§ **What the task requires**: Check each line of the entries. Copy the ones that contain the string "Antibodies".

Short descriptive text snippets
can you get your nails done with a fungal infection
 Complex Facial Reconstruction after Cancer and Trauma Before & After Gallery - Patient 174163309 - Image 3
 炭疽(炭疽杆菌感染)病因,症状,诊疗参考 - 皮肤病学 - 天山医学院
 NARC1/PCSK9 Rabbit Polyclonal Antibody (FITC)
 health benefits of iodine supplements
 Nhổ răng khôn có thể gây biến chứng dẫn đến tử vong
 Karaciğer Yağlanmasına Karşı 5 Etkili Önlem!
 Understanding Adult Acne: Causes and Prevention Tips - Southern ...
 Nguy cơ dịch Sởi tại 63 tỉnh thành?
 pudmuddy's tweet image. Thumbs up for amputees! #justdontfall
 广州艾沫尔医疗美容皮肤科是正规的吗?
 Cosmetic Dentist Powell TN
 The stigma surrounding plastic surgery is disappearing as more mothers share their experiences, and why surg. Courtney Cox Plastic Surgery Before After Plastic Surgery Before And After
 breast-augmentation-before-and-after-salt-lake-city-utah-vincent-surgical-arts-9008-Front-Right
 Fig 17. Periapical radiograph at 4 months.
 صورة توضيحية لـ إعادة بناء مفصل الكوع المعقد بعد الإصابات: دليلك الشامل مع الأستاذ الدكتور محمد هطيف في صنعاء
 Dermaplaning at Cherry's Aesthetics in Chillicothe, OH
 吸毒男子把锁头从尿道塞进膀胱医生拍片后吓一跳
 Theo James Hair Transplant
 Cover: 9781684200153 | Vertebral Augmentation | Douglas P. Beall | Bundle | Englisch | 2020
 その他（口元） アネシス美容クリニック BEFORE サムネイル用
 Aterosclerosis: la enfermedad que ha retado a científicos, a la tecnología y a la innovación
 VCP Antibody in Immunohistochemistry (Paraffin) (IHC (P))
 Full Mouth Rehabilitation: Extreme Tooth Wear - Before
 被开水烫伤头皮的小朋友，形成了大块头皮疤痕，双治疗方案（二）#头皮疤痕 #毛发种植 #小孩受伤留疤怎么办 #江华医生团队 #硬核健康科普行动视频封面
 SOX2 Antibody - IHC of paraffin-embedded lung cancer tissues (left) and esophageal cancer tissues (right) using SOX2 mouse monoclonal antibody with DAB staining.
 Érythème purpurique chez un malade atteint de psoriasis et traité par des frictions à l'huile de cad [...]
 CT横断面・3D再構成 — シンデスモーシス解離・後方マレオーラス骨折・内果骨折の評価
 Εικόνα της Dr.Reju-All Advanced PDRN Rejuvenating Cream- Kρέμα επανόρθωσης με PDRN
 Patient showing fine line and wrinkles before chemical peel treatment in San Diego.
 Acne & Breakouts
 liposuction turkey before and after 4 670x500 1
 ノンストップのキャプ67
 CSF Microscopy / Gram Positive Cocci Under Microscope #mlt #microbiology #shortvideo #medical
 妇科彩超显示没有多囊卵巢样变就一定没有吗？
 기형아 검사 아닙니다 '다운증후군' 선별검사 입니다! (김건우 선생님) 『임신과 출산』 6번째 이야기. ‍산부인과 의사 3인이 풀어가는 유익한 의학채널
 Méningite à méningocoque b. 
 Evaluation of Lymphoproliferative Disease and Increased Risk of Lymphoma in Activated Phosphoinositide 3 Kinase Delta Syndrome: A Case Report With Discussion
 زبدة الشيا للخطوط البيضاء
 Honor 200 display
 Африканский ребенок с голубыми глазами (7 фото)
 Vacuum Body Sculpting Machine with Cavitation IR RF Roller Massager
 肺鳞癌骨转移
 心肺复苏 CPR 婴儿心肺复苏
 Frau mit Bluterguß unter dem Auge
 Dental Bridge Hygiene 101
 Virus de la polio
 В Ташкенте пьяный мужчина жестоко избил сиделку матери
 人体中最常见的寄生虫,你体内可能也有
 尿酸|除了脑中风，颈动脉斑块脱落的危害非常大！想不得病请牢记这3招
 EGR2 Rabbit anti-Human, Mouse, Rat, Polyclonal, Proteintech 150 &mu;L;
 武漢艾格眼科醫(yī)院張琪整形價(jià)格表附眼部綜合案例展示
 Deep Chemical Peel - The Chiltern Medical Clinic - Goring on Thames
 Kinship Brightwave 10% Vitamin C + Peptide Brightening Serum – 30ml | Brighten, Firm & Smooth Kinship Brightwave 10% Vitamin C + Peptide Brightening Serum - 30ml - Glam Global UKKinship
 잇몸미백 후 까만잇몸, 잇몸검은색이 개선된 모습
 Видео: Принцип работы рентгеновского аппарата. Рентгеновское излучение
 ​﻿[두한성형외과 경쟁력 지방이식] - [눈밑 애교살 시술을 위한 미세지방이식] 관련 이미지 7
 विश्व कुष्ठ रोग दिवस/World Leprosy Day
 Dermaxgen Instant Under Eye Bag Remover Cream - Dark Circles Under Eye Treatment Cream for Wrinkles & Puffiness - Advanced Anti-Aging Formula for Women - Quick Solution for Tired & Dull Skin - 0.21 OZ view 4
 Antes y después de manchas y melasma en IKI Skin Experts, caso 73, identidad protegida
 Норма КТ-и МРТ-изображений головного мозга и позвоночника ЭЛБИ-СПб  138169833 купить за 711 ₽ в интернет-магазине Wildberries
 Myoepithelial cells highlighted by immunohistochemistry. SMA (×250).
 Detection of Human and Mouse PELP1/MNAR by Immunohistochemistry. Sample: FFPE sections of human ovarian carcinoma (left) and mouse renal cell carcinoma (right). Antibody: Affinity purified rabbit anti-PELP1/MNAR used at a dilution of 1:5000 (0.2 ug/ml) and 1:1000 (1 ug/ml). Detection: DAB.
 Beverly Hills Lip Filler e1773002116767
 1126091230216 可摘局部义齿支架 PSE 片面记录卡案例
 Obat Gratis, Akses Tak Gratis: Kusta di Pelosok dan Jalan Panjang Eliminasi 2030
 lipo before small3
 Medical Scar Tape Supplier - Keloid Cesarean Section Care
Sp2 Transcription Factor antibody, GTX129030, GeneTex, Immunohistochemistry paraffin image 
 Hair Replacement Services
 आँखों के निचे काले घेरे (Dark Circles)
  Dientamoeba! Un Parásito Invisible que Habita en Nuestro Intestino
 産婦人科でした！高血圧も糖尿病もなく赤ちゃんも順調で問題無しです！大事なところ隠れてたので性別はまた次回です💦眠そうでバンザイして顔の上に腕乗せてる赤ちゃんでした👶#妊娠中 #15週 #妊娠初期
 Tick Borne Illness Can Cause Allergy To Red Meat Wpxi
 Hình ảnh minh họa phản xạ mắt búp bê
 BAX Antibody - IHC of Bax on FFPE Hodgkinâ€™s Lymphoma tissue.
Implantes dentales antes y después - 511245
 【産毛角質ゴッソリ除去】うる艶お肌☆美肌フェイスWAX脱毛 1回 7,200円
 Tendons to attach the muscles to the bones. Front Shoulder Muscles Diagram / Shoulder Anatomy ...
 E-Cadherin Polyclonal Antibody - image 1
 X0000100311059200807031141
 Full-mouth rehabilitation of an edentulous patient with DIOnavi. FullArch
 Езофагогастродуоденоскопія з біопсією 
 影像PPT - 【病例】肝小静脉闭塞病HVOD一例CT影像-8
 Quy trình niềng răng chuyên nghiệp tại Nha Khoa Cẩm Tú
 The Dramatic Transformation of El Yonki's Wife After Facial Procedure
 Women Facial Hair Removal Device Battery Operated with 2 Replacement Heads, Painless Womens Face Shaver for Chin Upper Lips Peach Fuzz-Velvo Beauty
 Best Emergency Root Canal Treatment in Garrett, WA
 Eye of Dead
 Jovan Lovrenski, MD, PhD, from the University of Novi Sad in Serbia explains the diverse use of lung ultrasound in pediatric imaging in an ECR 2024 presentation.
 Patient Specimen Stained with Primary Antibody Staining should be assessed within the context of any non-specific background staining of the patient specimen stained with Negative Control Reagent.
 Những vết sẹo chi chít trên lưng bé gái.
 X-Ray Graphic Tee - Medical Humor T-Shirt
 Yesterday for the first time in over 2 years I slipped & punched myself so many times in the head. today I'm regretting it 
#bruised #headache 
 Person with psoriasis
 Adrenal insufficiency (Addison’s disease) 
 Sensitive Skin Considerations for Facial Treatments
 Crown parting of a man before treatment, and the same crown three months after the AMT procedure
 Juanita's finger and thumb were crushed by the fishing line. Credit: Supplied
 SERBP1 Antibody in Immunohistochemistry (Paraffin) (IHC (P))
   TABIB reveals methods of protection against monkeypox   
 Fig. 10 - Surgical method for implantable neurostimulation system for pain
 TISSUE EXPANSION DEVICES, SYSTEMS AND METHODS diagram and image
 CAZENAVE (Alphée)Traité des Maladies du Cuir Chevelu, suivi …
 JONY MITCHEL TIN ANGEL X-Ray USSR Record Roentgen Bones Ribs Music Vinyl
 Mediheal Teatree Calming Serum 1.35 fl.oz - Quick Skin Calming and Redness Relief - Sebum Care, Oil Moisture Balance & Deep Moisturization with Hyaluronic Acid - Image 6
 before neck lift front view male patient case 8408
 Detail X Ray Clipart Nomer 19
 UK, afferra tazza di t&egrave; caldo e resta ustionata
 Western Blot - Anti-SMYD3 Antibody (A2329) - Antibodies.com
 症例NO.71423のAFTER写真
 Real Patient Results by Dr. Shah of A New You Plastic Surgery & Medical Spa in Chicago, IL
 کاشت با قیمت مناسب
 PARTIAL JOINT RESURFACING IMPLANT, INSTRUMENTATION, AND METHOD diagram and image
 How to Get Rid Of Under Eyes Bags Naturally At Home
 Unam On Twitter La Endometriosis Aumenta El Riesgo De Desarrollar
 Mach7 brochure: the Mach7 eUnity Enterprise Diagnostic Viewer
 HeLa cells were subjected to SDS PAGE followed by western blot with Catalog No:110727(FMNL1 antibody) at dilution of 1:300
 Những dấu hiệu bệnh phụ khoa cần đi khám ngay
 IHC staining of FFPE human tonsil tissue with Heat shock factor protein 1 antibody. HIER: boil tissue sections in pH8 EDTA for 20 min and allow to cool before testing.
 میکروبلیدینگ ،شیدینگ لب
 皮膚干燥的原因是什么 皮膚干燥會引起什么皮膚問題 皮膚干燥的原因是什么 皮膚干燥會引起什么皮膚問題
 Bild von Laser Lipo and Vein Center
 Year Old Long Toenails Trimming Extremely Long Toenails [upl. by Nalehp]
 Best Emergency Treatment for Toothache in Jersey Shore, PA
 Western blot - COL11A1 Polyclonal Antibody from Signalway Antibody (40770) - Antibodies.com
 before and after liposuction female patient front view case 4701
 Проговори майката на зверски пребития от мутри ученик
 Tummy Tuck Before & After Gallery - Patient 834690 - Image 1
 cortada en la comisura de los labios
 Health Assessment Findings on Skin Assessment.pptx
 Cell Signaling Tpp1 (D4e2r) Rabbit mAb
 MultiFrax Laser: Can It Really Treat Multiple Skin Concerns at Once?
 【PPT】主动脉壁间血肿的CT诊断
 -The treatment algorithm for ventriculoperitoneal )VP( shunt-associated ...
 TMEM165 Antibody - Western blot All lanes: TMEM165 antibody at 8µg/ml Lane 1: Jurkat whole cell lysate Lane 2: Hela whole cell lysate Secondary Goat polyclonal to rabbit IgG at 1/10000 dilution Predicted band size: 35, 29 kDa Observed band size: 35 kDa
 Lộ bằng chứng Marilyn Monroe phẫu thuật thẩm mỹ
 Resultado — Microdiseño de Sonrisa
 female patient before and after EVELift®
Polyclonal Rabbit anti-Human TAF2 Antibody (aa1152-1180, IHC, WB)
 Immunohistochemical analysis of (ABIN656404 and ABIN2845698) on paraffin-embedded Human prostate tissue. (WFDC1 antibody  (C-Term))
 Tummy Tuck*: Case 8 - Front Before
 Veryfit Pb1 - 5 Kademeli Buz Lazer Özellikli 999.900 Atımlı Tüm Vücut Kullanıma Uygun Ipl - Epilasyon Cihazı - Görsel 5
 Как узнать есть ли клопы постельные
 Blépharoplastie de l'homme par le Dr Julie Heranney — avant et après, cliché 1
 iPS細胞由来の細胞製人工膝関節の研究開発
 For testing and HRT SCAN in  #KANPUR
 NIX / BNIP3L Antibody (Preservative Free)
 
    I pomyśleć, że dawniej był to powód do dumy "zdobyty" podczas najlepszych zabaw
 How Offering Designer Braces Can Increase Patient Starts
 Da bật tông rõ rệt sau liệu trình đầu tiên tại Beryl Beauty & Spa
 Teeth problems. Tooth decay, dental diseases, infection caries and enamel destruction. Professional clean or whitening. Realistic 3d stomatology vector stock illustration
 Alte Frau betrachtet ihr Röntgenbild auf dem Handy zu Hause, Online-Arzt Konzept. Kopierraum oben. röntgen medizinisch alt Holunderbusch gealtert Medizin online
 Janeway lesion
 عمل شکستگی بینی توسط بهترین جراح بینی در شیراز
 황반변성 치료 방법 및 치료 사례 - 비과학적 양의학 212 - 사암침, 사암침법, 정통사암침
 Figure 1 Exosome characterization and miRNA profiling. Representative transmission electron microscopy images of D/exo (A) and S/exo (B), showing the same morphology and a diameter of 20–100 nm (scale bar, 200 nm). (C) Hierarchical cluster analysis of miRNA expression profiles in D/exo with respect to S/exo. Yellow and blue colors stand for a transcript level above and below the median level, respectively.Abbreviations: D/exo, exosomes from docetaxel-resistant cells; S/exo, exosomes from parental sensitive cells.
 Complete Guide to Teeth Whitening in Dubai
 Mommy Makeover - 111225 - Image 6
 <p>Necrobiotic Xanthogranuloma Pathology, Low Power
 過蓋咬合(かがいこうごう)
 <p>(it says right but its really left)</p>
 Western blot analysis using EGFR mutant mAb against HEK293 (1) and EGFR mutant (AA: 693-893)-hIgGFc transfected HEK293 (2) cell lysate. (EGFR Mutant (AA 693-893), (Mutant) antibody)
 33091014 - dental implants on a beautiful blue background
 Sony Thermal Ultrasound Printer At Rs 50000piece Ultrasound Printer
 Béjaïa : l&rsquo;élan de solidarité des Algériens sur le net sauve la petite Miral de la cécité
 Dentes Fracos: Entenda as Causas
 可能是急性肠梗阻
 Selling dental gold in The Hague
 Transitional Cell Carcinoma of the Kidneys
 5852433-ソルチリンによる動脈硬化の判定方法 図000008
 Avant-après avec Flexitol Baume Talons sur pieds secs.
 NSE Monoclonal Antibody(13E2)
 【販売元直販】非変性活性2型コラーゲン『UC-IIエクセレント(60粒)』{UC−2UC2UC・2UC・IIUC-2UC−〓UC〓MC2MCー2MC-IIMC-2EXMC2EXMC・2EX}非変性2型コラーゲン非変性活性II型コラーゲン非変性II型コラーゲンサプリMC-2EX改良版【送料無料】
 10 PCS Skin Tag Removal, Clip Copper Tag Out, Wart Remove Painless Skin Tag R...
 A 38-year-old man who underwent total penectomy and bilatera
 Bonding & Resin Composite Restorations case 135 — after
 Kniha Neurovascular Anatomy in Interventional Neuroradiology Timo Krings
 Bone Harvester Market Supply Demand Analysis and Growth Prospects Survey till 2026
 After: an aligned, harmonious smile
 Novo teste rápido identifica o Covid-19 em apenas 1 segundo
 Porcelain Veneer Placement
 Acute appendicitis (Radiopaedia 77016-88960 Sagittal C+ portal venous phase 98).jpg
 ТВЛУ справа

§ **Answer section**:
 Western Blot - Anti-SMYD3 Antibody (A2329) - Antibodies.com
 Western blot - COL11A1 Polyclonal Antibody from Signalway Antibody (40770) - Antibodies.com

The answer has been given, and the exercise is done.